When choosing a retirement savings account, the two most common plans to consider and compare are an IRA vs. 401(k). Depending on your investment plans, you may choose to utilize one over the other — or a blend of both. Regardless, it is good to be aware of each accounts’ benefits to help you reach your goal of having enough money to live comfortably in your retirement years.
Let’s take a look at the differences between the plans and which one might be the best option for you.
What is an (IRA)?
Most brokerages or financial institutions that provide retirement plans can help you open an IRA. However, before you start your account, you’ll want to first pick which form of IRA you want. There are four basic types of accounts: traditional IRAs, Roth IRAs, SEP IRAs and SIMPLE IRAs. By discussing your specific needs with a certified tax consultant, they will help you make the most informed decision. Here are some things to consider:
- Traditional IRA contributions are typically tax deductible; they are often referred to as “pre-tax” contributions. Taxation on these accounts occurs when you make a withdrawal.
- Roth IRA contributions are made with after-tax earnings. This means you won’t get a tax break in the year you make the contribution. Once you retire, however, eligible Roth IRA withdrawals are tax-free.

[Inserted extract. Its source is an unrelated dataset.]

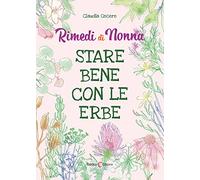 Rimedi di nonna. Stare bene con le erbe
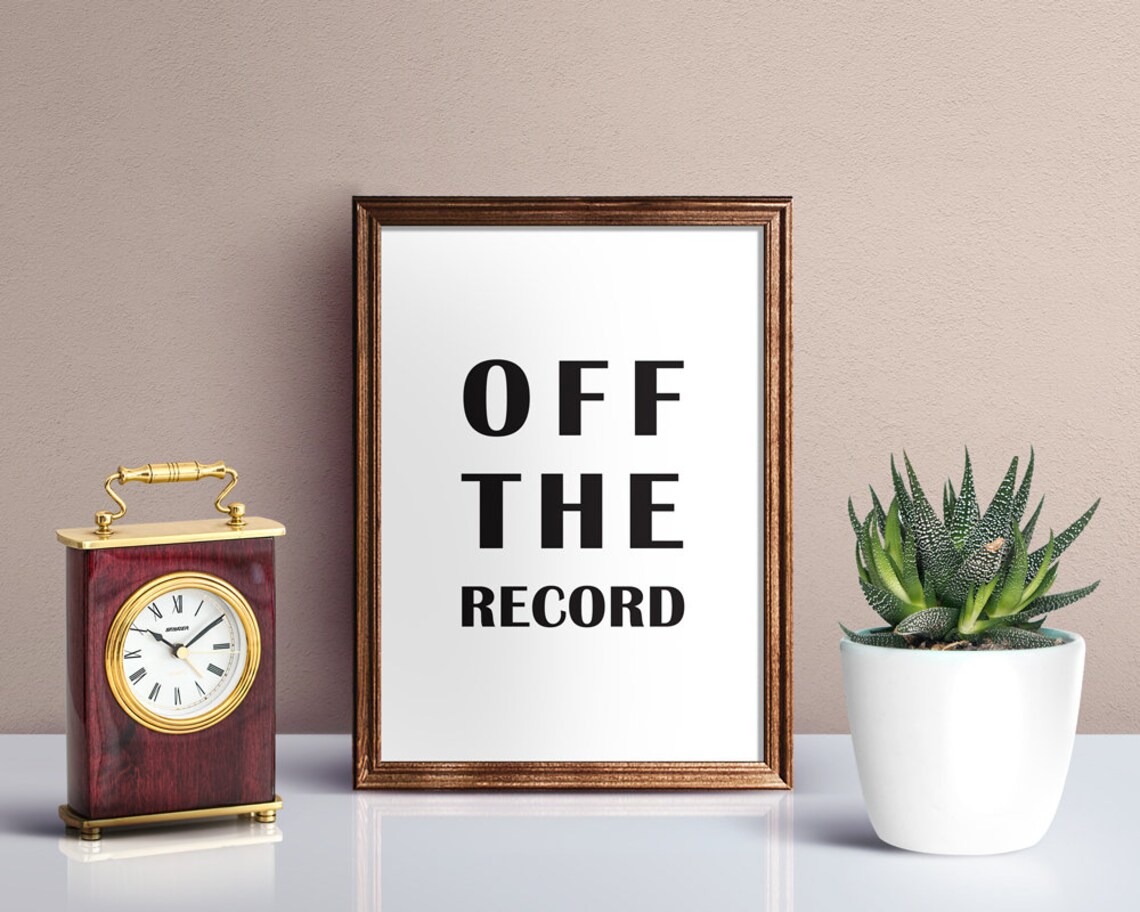 Journalism Minimalist Quote Art Print, Off The Record - Image 2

- A SEP IRA is a type of IRA in which ONLY the employer contributes to the account. While most businesses can use this as a retirement plan, mainly small business owners or self-employed individuals usually select this option because of cost.
- Through a SIMPLE IRA both employees AND employers can contribute to traditional IRAs. Businesses with less than 100 employees can use this plan. A SIMPLE IRA cannot be a Roth IRA.
What is a 401(k)?
If your employer offers you a traditional 401(k) account as a retirement savings option, and you elect to participate, contributions to your account will come as deductions as a percentage of every paycheck. Those contributions will be made prior to calculating tax, or pre-tax dollars. That money is set aside specifically for you into an investment account. On occasion, some companies may even match your contributions depending on the contribution limits.
Roth 401(k)s are also available and a bit different. Your contributions are not tax-deductible and are made after-tax dollars. However, eligible withdrawals are often tax-free. (Some conditions apply.)
IRA vs. 401(k):
Here are a few points to consider when opening either an IRA or a 401(k):
IRA
- Annual contribution limits for traditional and Roth IRAs are $6,000 as of 2021 and 2022, with an additional $1,000 catch-up contribution allowed for people ages 50 and older.
- Like 401(k)s, contributions to traditional IRAs are generally tax-deductible.
- Contributions to a Roth IRA are made with after-tax dollars, meaning you don’t receive a tax deduction in the year of the contribution.
401(k)
- The contribution limit for 2022 is increasing to $20,500 annually, with an additional $6,500 catch-up contribution allowed for people ages 50 and older.
- Some employers may match a percentage of their employee’s contributions up to a certain limit annually.
- Withdrawals are taxed at your income tax rate, and there’s no penalty for withdrawals as long as you are 59½ or older.
IRA vs. 401(k): Which one is better?
If your company matches your 401(k) contributions and you only have the money to fund one account, the difference between an IRA and a 401(k) may be clear: the 401(k) could give you a larger investment for the same cost.
There’s no reason to stop there, though. If your salary allows you to contribute a larger amount to your 401(k) while also contributing a smaller amount to your IRA, you could consider investing in both.
In conclusion, the best option for you will depend on your own status and financial circumstances. But don’t let your fear of investing keep you from starting. Simply choose an investing strategy and watch your retirement balance grow.